En effet, sous notre mille-feuille d'orgueil, la scène privée de mémoire, mais la scène privée tout court. La scène interdite. Celle qu'on cache, celle qui fait honte, l'ob-scène. Qu’importe l’origine et l’autorité du concept de pornographie mémorielle. Nous tous et les procureurs de cette polémique avec, avons manqué l’ob-scénité mémorielle, la vraie scène privée, l'interdit de penser. Ce non-lieu mémoriel qu'on veille à maintenir hors-champ par tous les moyens de contrôle.
Ce lieu qu’on tait afin que nos fantômes ne fassent irruption dans le cours civilisé de la mémoire. Ce lieu éteint dans la marge immédiate de notre optique sadique et inquiète, de notre voyeurisme de pornographe-négateur lequel cadre sur les plans admissibles et soustrait les horreurs à nos regards lisses et extatiques de bienveillance. Ce regard qui scrute l’ob-scène des corps meurtris par monceaux pour mieux étouffer les cris de leur souvenir, colmater les brèches, afin qu'aucune sueur, aucune larme, aucune goutte de sang de cette humidité infâme ne transpire dans la Grande Histoire de la Civilisation.
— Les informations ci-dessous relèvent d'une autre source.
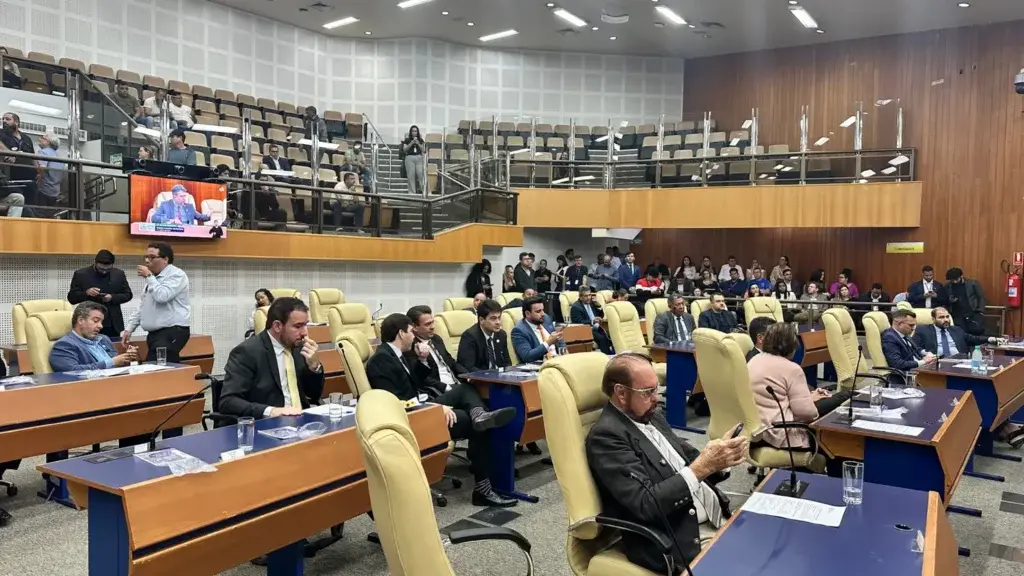 Câmara de Goiânia aprova aumento de taxa regulatória paga pela Saneago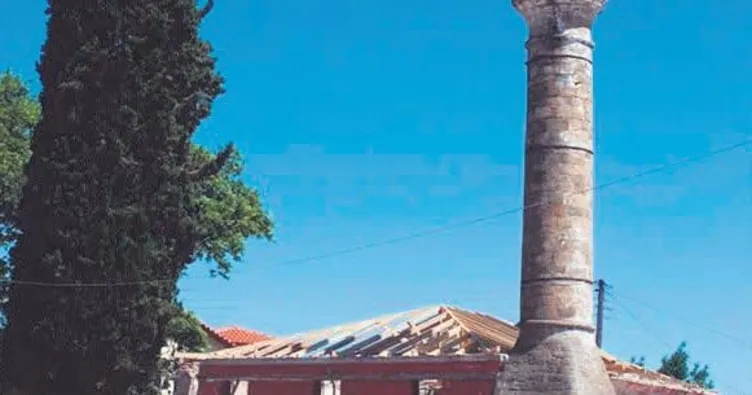 Komşu, tarihi camiyi yıkmaya çalışıyor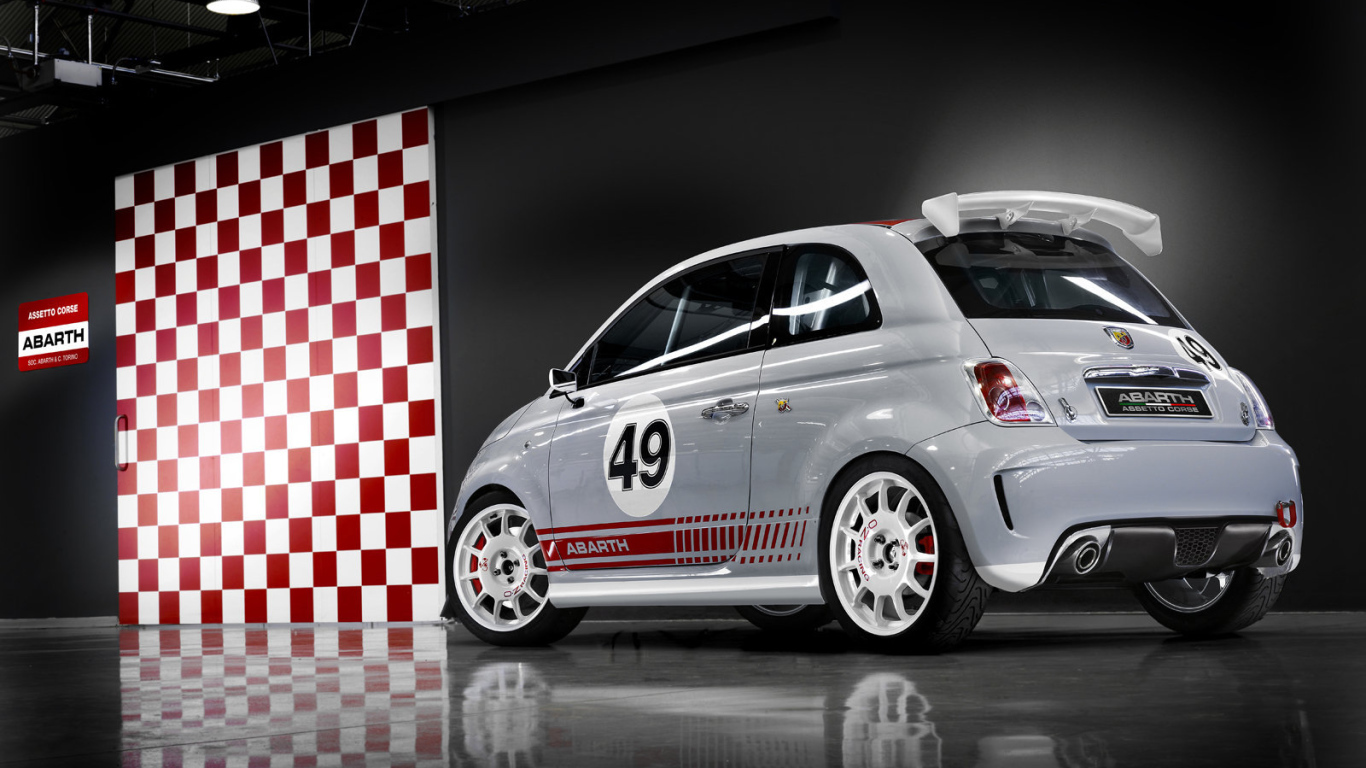 Автомобиль Fiat 500 на дороге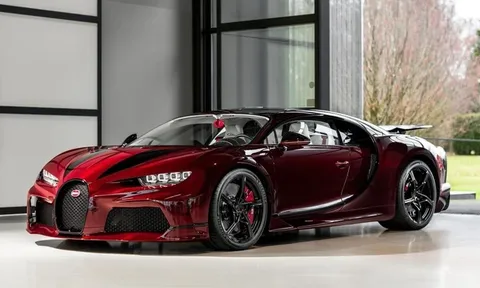 Mục sở thị chiếc Bugatti Chiron Super Sport phiên bản "Rồng Đỏ" cực ngầu trước thềm Tết Nguyên Đán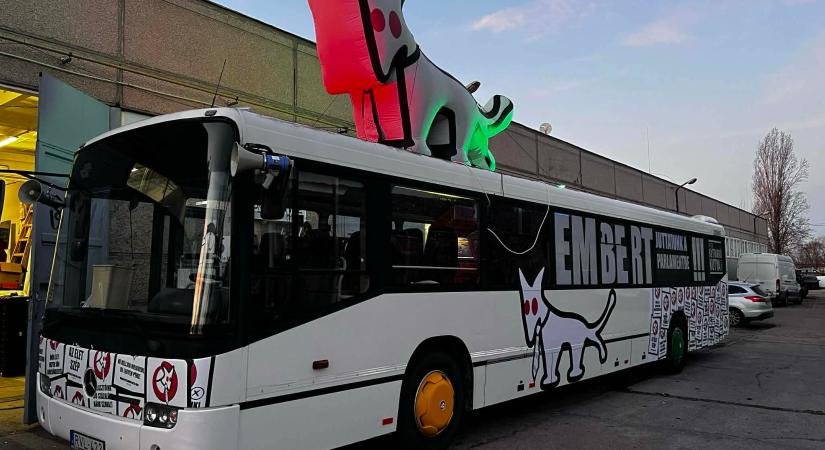 Berettyóújfaluba jön a Magyar Kétfarkú Kutya Párt kampánybusza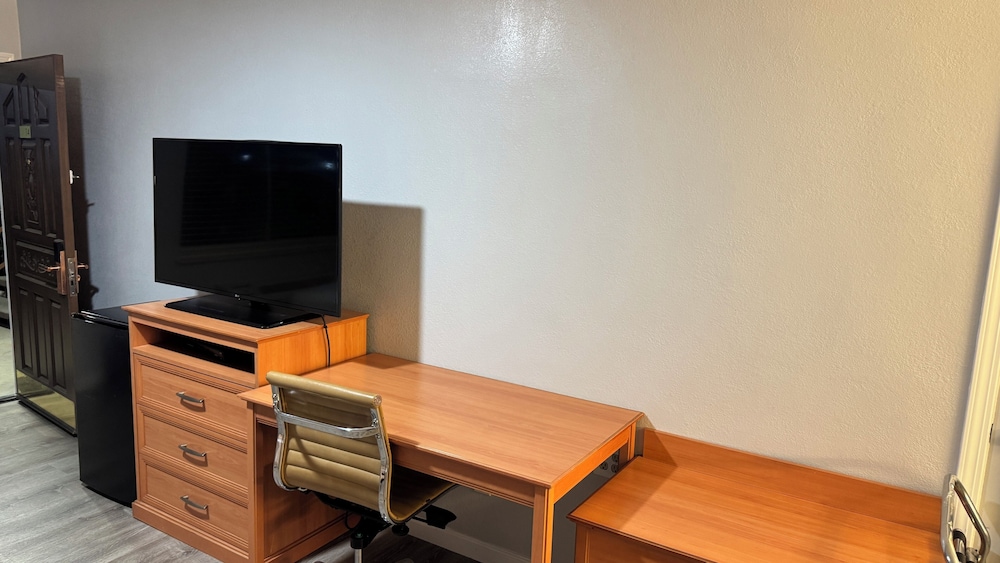 Pacific Express Inn - photo 8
La République des âmes pures auraient trop à y perdre. Voici l’enjeu mémoriel fatal aux vaniteux : ouvrir les backrooms de notre édifice humaniste emplis d'obscénités couvées d’un cinéma violeur, d’insanités qui nous ont rendu voleurs pour avoir fait d'un homme une marchandise.
Messieurs les sentencieux, Messieurs les procureurs, vous êtes désormais requis, par vous-mêmes, par vos propos sur le ton outré. Du haut de vos vertus revendiquées qui vous dispensent, du moins le croyez-vous, de penser plus loin, vous ne pourrez plus désormais vous émanciper de cet oubli, sauf à vous rendre individuellement coupables d'une double tragédie, celle qui consiste à effacer la mémoire de ceux qu'on a tués. L'humanisme et ses valeurs que de coutume vous prescrivez à l’adresse du monde devrait vous interdire de promettre un tel déni de justice pour tout legs à vos enfants encore innocents. Artistes, philosophes, hommes politiques, voici venue une situation où la décision est inéluctable. Portez l'histoire de l'esclavage à la connaissance du monde. Défiez-vous des procédés de chacals, tout aussi honteux que clandestins et qui consistent à circonscrire 400 ans d’horreurs à « la vérité » hâtive de quelques pages d’un magazine.
Ne vous substituez pas indûment aux victimes et à leurs descendants auxquels appartiennent l’initiative, le temps, le rythme et la verbalisation de cet acte mémoriel, pré-condition de leur deuil et d’une émancipation éventuelle de ce traumatisme. Promesse aussi, et c’est mieux, d’amour sinon d’intelligence entre descendants d’où qu’ils viennent. Ne leur déniez pas cette souffrance qui les tétanisent encore dans ce qu’il taisent et refoulent. Vous commettriez une faute au moins égale à celle qui a fait d’eux des morts-vivants, des âmes errantes dans vos terres de prospérité. Mobilisez les moyens, les lignes de crédit pour financer des lieux de mémoire et les ressources, pour sauvegarder des archives que même la Loi Taubira que vous avez dépouillée n'a pu empêcher. Participez aussi de votre obole personnelle au financement du film Le Code Noir. Vous verrez… C'est moins douloureux qu'il n'y paraît. Ca jaunira le blanc de vos plastrons et tempérera votre orgueil mais enfin, croyez bien qu'avouer que nous dérivons de cela est moins douloureux que perpétuer ce crime. C’est ce que je vous souhaite… Pour vos enfants, ceux déjà là, ceux que la vie attend encore.